Because of the growing availability of large amounts of natural language data in electronic format (in the form of corpora and the Web), computational methods are playing an increasing role in linguistic research, while, at the same time, Natural Language Engineering (NLE) techniques are becoming more widespread in areas such as data mining or web search.
As the problems tackled in the scientific study of language and by developers of Natural Language Engineering applications are often the same, the interaction between researchers using computational methods to study language and researchers interested in NLE applications is likely to be beneficial to both. The University of Essex has a long tradition of research in the area of Language and Computation (which has a variety of names, including computational linguistics, or natural language processing), starting with work on Machine Translation and Parsing in the 1980s, as well as work on formal semantics (e.g., Property Theory).
The Language and Computation group is an interdisciplinary group created to foster such interaction between researchers within the University, and includes staff and students from the School of Computer Science and Electronic Engineering, the Department of Language and Linguistics, and the UK Data Archive.
The research by the members of the Language and Computation group covers most areas of Computational Linguistics and Natural Language Engineering.
- Grammars and Parsing:
- research focuses on Constraint-Based grammars formalisms (Arnold, Borsley, Sadler, Spencer) and statistical and symbolic parsing (Arnold, Borsley)
- Semantics and semantic interpretation:
- our research in this area includes work on the formal semantics of language, and its logical foundations (Fox), on psychologically motivated computational models of semantic processing (Poesio), on vector-based models of lexical and text representation, used, e.g., in anaphora resolution (Poesio).
- Applications:
- some of the areas of interest include generation, e.g., for dynamic web page generation (Poesio), information retrieval and web search (Kruschwitz, Robinson), machine translation (Arnold, Sadler), spoken dialogue systems (Kruschwitz, Poesio).
Current Projects
- ESRC Large Centre on Human Rights in the Era of Big Data (2015-2020). (McGregor, PI. Fox, Kruschwitz, Poesio). The objective of the Centre is to investigate the potential risks and advantages offered by Big Data technology in the context of Human Rights.

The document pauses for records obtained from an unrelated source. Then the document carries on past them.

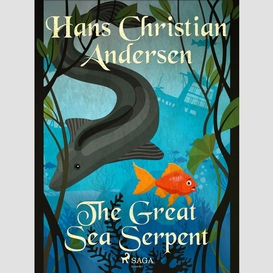 The great sea serpent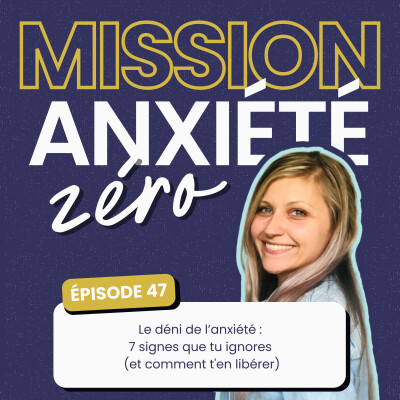 #47 Le déni de l’anxiété : 7 signes que tu ignores (et comment t'en libérer) cover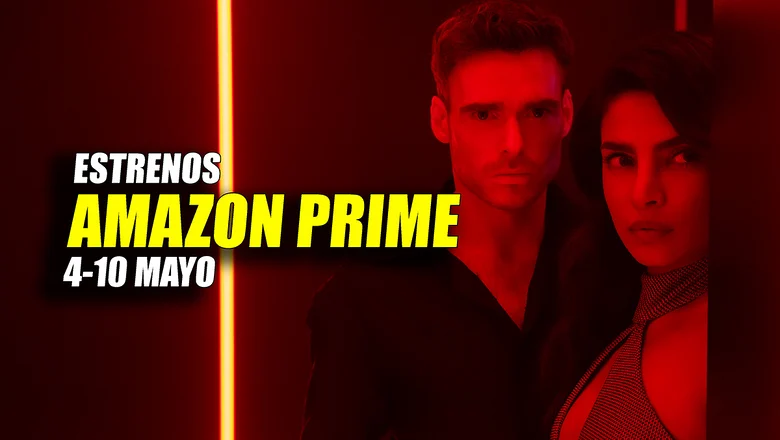 estrenos amazon prime video 4 10 mayo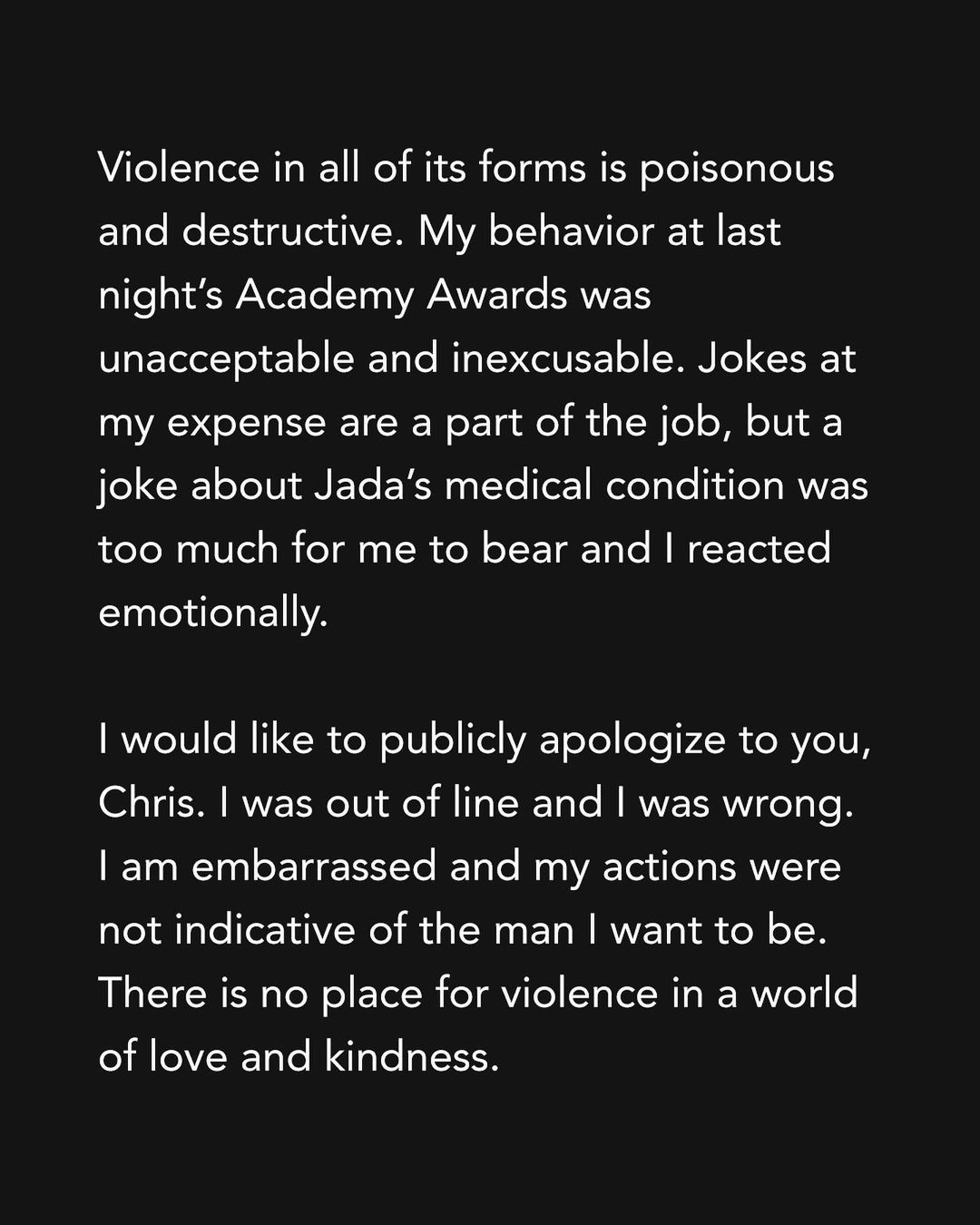 Violence in all of its forms is poisonous and destructive. My behavior at last night’s Academy Awards was unacceptable and inexcusable. Jokes at my expense are a part of the job, but a joke about Jada’s medical condition was too much for me to bear and I reacted emotionally.I would like to publicly apologize to you, Chris. I was out of line and I was wrong. I am embarrassed and my actions were not indicative of the man I want to be. There is no place for violence in a world of love and kindness.   I would also like to apologize to the Academy, the producers of the show, all the attendees and everyone watching around the world. I would like to apologize to the Williams Family and my King Richard Family. I deeply regret that my behavior has stained what has been an otherwise gorgeous journey for all of us. I am a work in progress.Sincerely,Will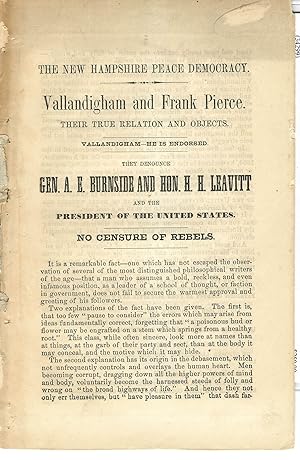THE NEW HAMPSHIRE PEACE DEMOCRACY. VALLANDIGHAM AND FRANK PIERCE. THEIR TRUE RELATION AND OBJECTS...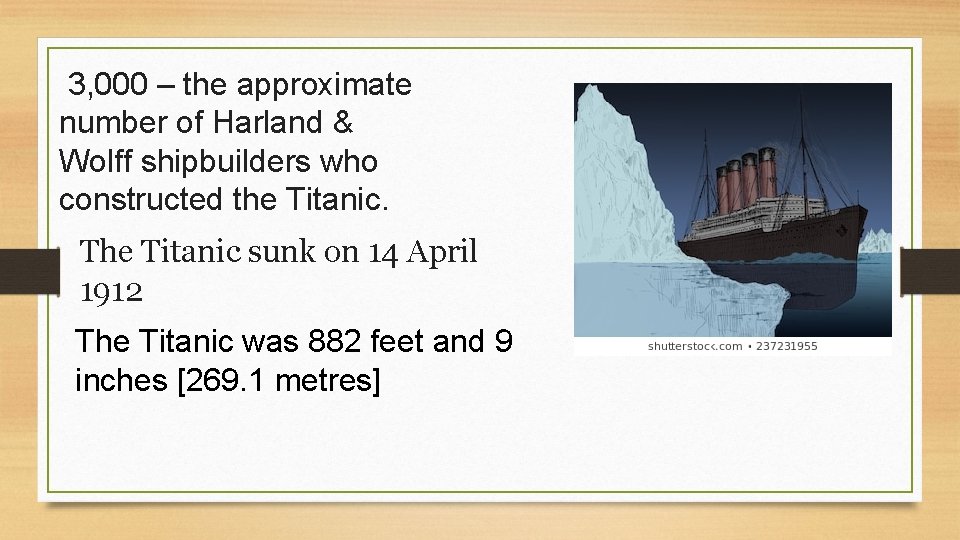 3, 000 – the approximate number of Harland & Wolff shipbuilders who constructed the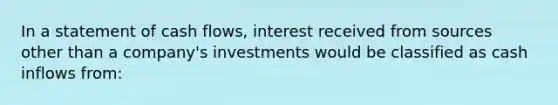 In a statement of cash flows, interest received from sources other than a company's investments would be classified as cash inflows from:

- Using NLP to Support the Generation of Human Rights Violations Reports (2014-2017). (Poesio (PI), Alhelbawi, Kruschwitz). A KTP Project with Minority Rights Group (MRG). The objective of the project is to use NLP methods to collect, classify and filter reports of human rights violations reported via social media or SMS to support the reporting activities of MRG.
- SENSEI (2013-2016). (http://www.sensei-conversation.eu/) (Poesio (PI), Kabadjov, Kruschwitz). A EU project on using discourse analysis tools in support of the summarization of conversations - both spoken and online. As part of the project we co-organized the 2015 MULTILING Shared Task on Summarizing Online Forums (http://multiling.iit.demokritos.gr/pages/view/1531/task-onforums-data-and-information)
Past Projects
- Automatic Adaptation of Knowledge Structures for Assisted Information Seeking (AutoAdapt), a project involving the Department of Computing and Electronic Systems, Robert Gordon University Aberdeen and the Open University*. This project aims to develop and evaluate methods for adapting automatically constructed domain models to the population of users' search or browsing behaviour. Application and large-scale evaluation of the developed methods in two information seeking scenarios - namely, interactive search and browsing - will be performed on a number of domains.

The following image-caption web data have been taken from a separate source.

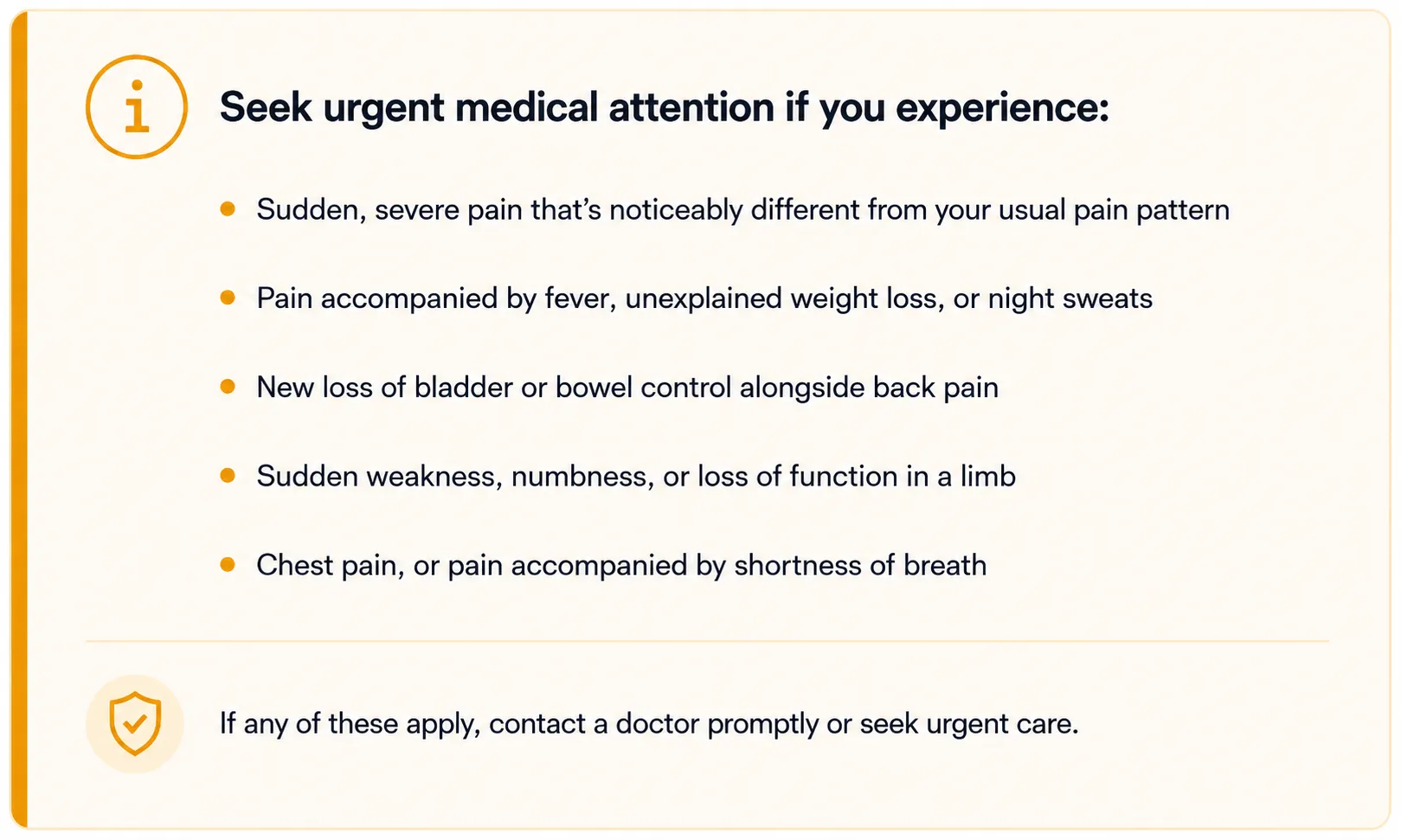 When to seek urgent medical attention for sudden severe pain, fever, unexplained weight loss, weakness, loss of bladder or bowel control, chest pain, or shortness of breath.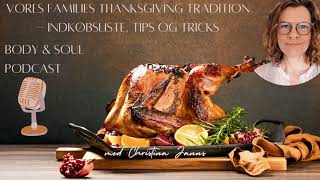 18 Vores families Thanksgiving tradition  indkøbsliste tips og tricks [upl. by Armond]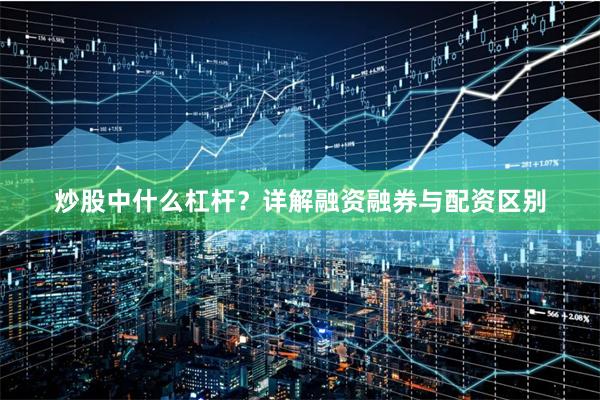 炒股中什么杠杆？详解融资融券与配资区别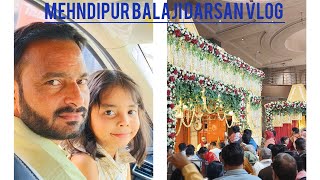 mehndipur Balaji darsan vlog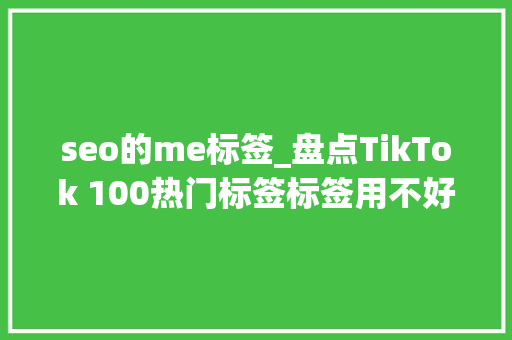 seo的me标签_盘点TikTok 100热门标签标签用不好你的短视频广告等于白晒 seo的me标签_盘点TikTok 100热门标签标签用不好你的短视频广告等于白晒 搜狗SEO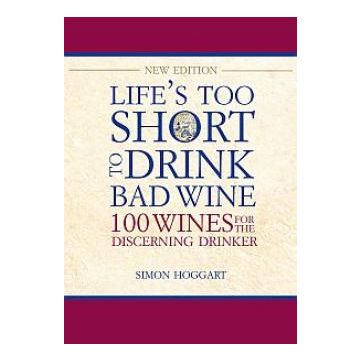 Life's Too Short to Drink Bad Wine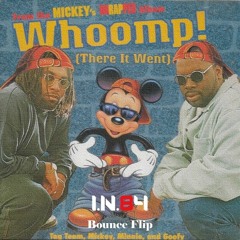 TAG TEAM - Whoomp There It Is ( IN84 Bounce Flip )
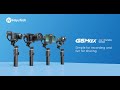 FeiyuTech New Launch: G6 Max 4 in 1 Portable Gimbal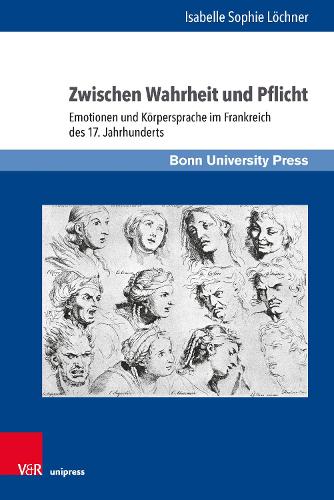 Бумажная книга «Zwischen Wahrheit und Pflicht: Emotionen und Körpersprache im Frankreich des 17. Jahrhunderts», автор Изабель Софи Лёхнер - фото №1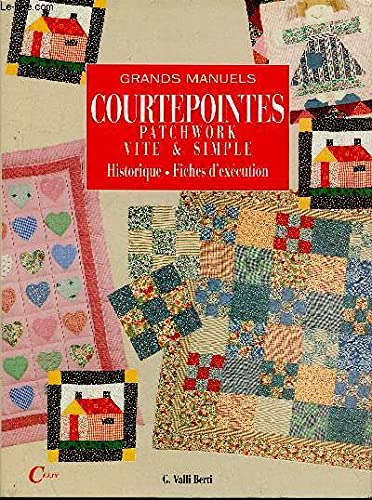 Courtepointes - Patchwork vite et simple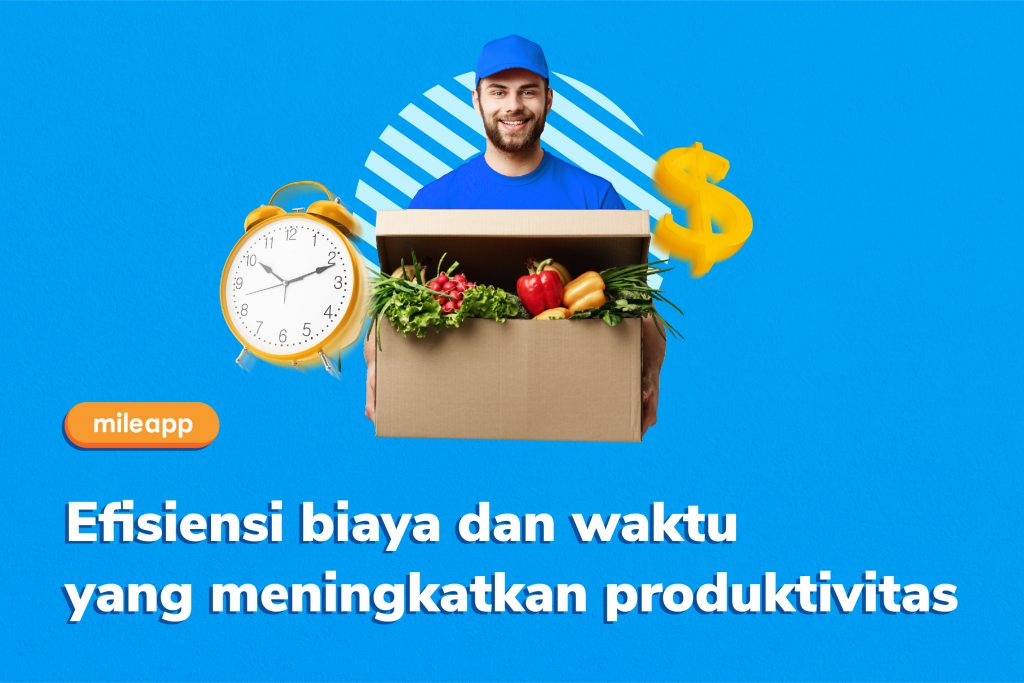 Menggandeng MileApp Sayurbox Tingkatkan Efisiensi Pengiriman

- Development of an intelligent mail server, a project involving the Department of Computing and Electronic Systems and Active Web Solutions (AWS), an Ipswich based company devoted to cutting edge enterprise information systems.
- Creating anaphorically annotated resources through semantic wikis (AnaWiki) (EPSRC)
- Learning Disabilities Data and Information Infrastructure Project (ESRC)
- Markup-Based Knowledge Extraction Project (EPSRC)
- Anaphora Resolution and Underspecification (EPSRC)
We welcome PhD applications in any area of research into language and language processing, including computational linguistics, natural language processing, information retrieval and formal semantics. Our research page gives an indication of some of the topics that we currently work on. Feel free to contact us if you have any questions about PhD study, potential topics, or short term research visits.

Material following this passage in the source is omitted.